Especialistas apontam temas progressistas na agenda dos fiéis, apesar da ideia que se tem de pautas majoritariamente conservadoras entre estes grupos
Os religiosos escalaram o muro de pautas progressistas da esquerda brasileira ao ponto de levar o candidato Jair Bolsonaro (PSL-RJ), capitão reformado do Exército, ao segundo turno da eleição presidencial. O discurso progressivo de candidatos enraizados no campo de centro-esquerda não avançou na sociedade neste pleito. O fenômeno vai além da disputa presidencial.
O presidente da Associação Brasileira de Consultores Políticos no Distrito Federal, Alexandre Bandeira, explica que os religiosos, isto é, evangélicos, católicos, pentecostais e outras denominações, são uma força eleitoral cada vez mais compacta e, em algumas eleições estaduais, quase decisiva, superando a heterogeneidade que é tão característica. “Essa eleição veio de uma fragmentação da representatividade. O Jair Bolsonaro trouxe uma pauta mais conservadora”, analisa Bandeira.

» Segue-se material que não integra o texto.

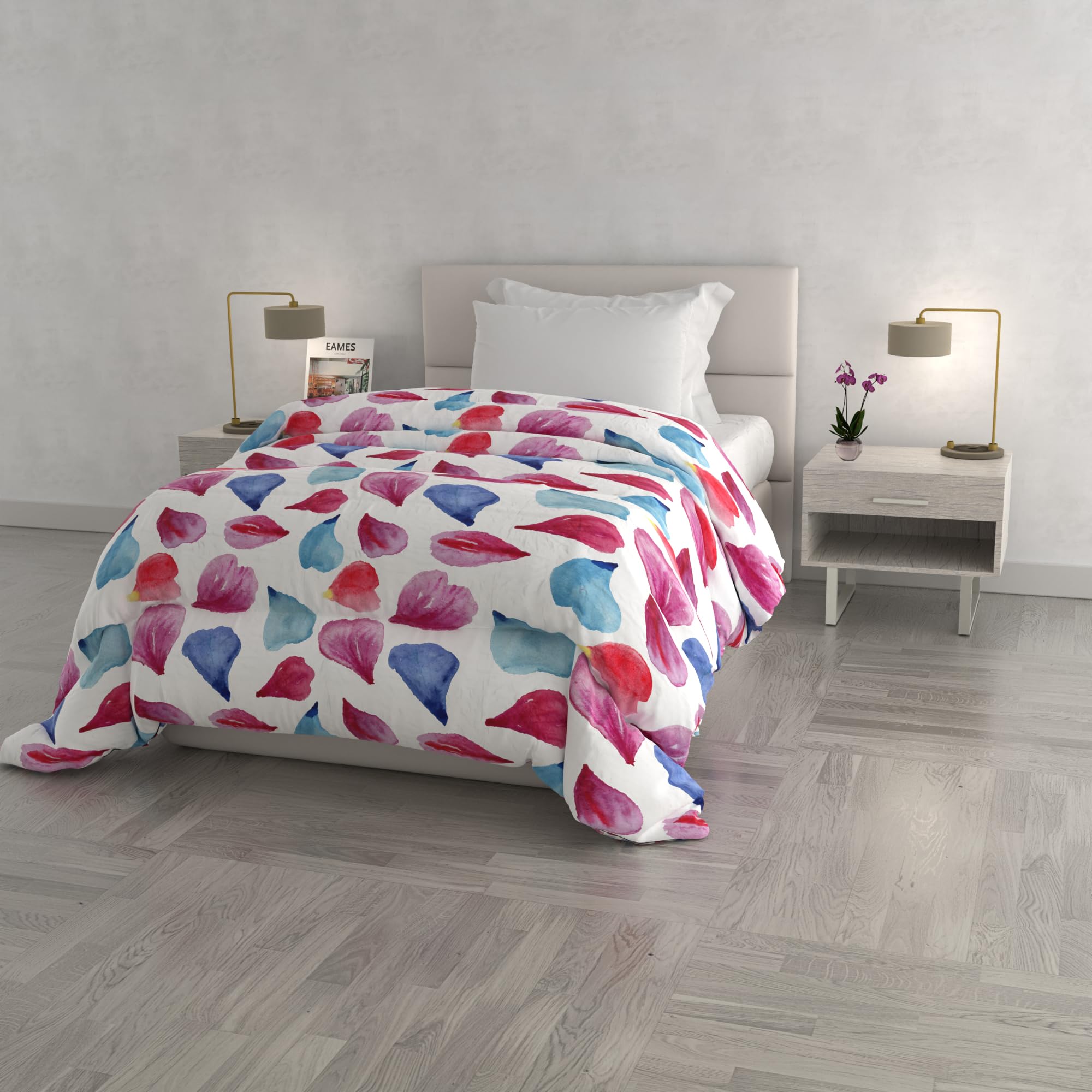Fantasy Winter Quilt Made in Italy, Petals, Single 170 x 260 cm
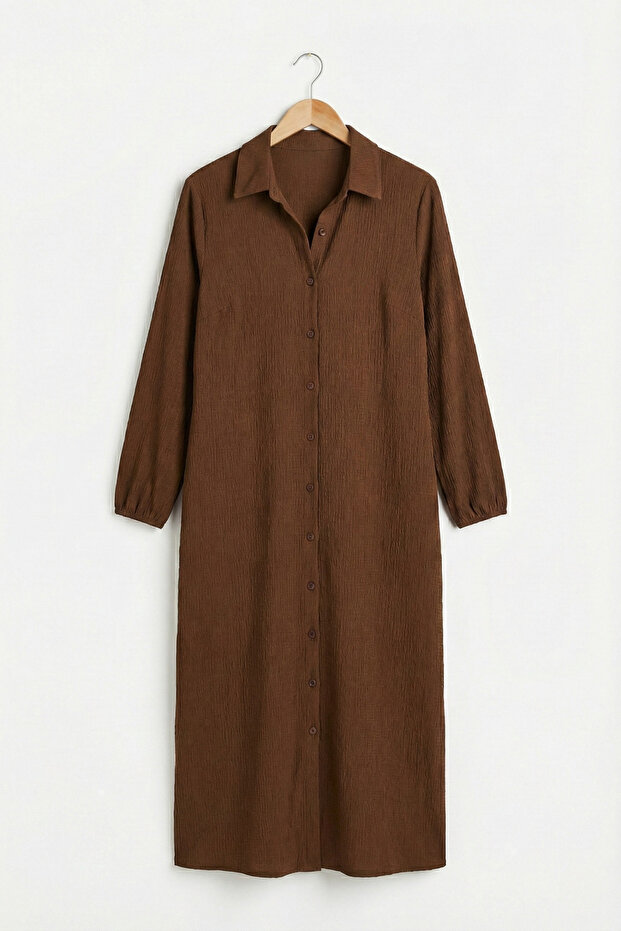 Flowy Wrinkled Fabric Long Hijab Dress – Buttoned Model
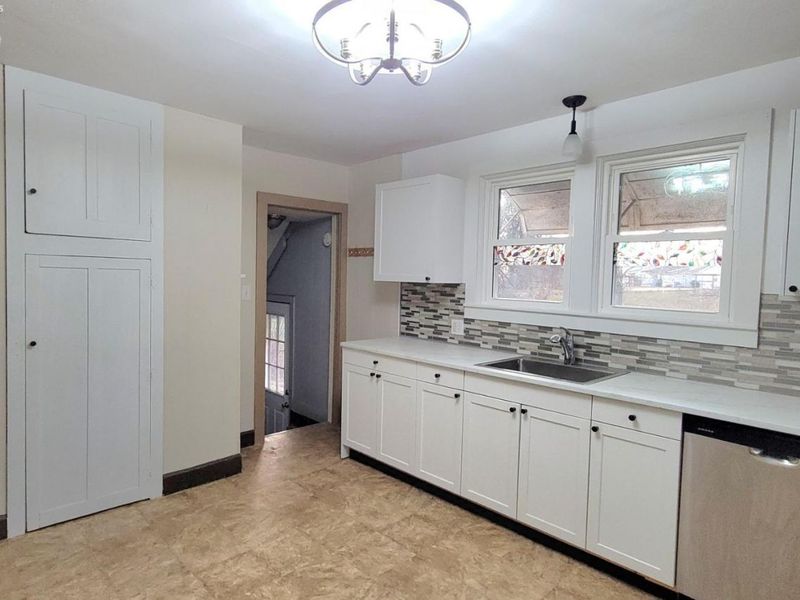 937 Main Street, Huron, OH 44839 Photo 12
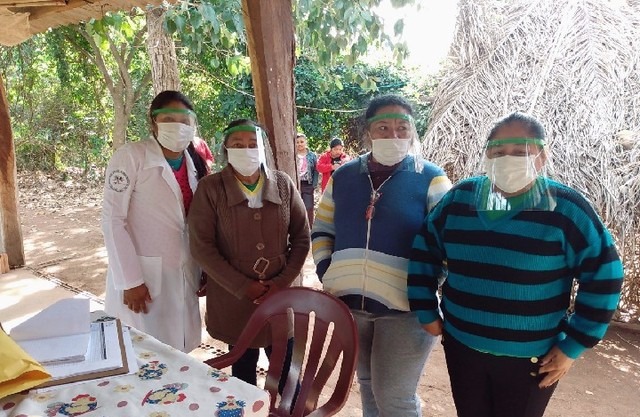 Índios de 12 aldeias recebem máscaras para prevenir contaminação do novo coronavírus em MS Comunidade indígena recebe máscaras de proteção para combater covid-19, em Aquidauana (MS). — Foto: IFMS/Divulgação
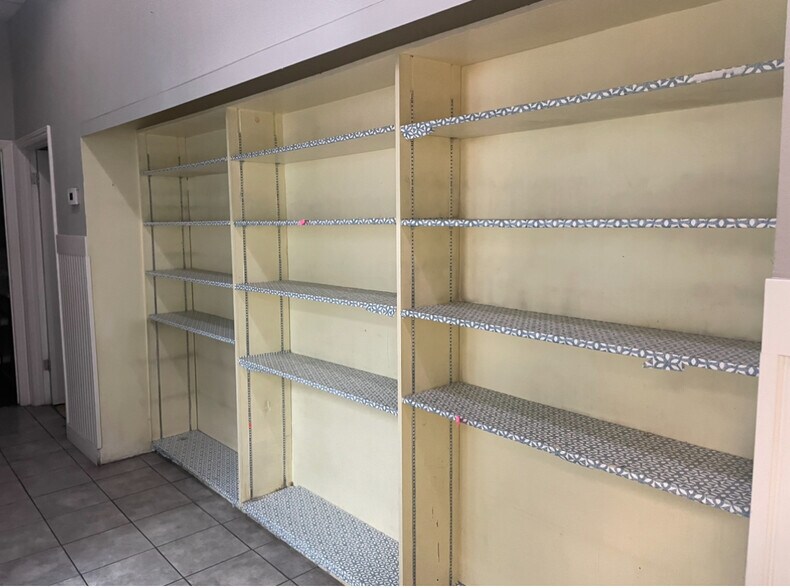 More Photos Of 1305 Vegas Valley Dr, Las Vegas Unknown For Lease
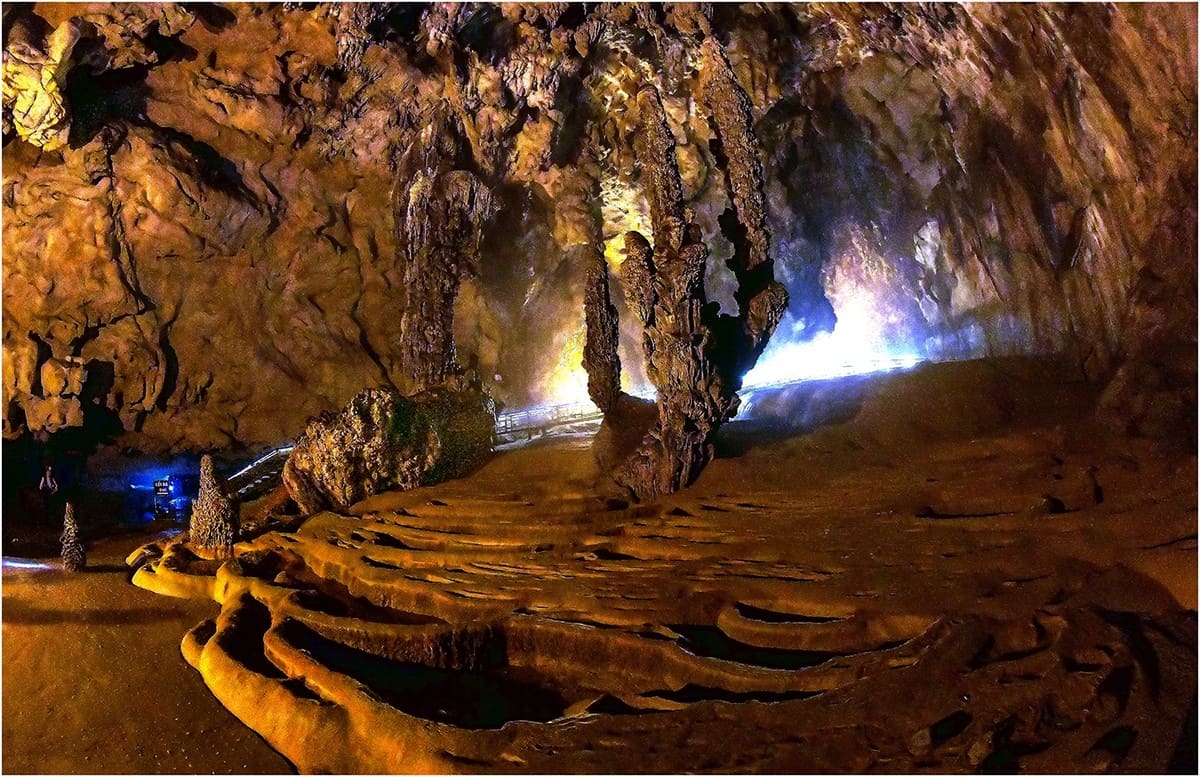 Động Ngườm Ngao Động Ngườm Ngao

A caderneta que eles representam aponta para questões muito específicas, como a oposição ao aborto, casamento homoafetivo, eutanásia e derivados das chamadas ideologias de gênero.
O declínio da política de esquerda a nível nacional influenciou o resultado eleitoral nos Estados. Alguns cardeais do petismo perderam a disputa em vários cargos, como a ex-senadora Ideli Salvatti (PT-SC), que não conseguiu retornar ao Congresso, e a ex-presidente Dilma Rousseff (PT), que terminou um amargo quarto lugar com 15% dos votos para o Senado em Minas Gerais. O senador carioca Lindbergh Farias (PT) não se reelegeu e o paulista Eduardo Suplicy (PT) perdeu a segunda campanha seguida ao Senado e se contenta com um gabinete de vereador na capital paulista.
Para o professor de Ciência Política da Universidade Federal de Goiás, Hans Carrillo Gauch, as derrotas foram uma espécie de resposta para a falência do Estado, principalmente nas áreas de Saúde e Segurança Pública, durante os 13 anos do modelo aplicado pelo PT.
Hans Carrillo explica que os gráficos das eleições brasileiras são cíclicos entre as cartilhas de esquerda e direita, e algumas vezes o centro ganha força. “Na época pós-ditadura, quando o Brasil construiu a Constituição e destacou o caráter laico do Estado. O campo religioso não é homogênico. Depois da Constituição houve um movimento de igrejas para ocupar espaços no Congresso.”
A entrada dos religiosos na política ficou mais aguda neste ano basicamente por dois motivos apontados por Hans: um contexto sócio-político de discursos progressistas na última década e a retração econômica.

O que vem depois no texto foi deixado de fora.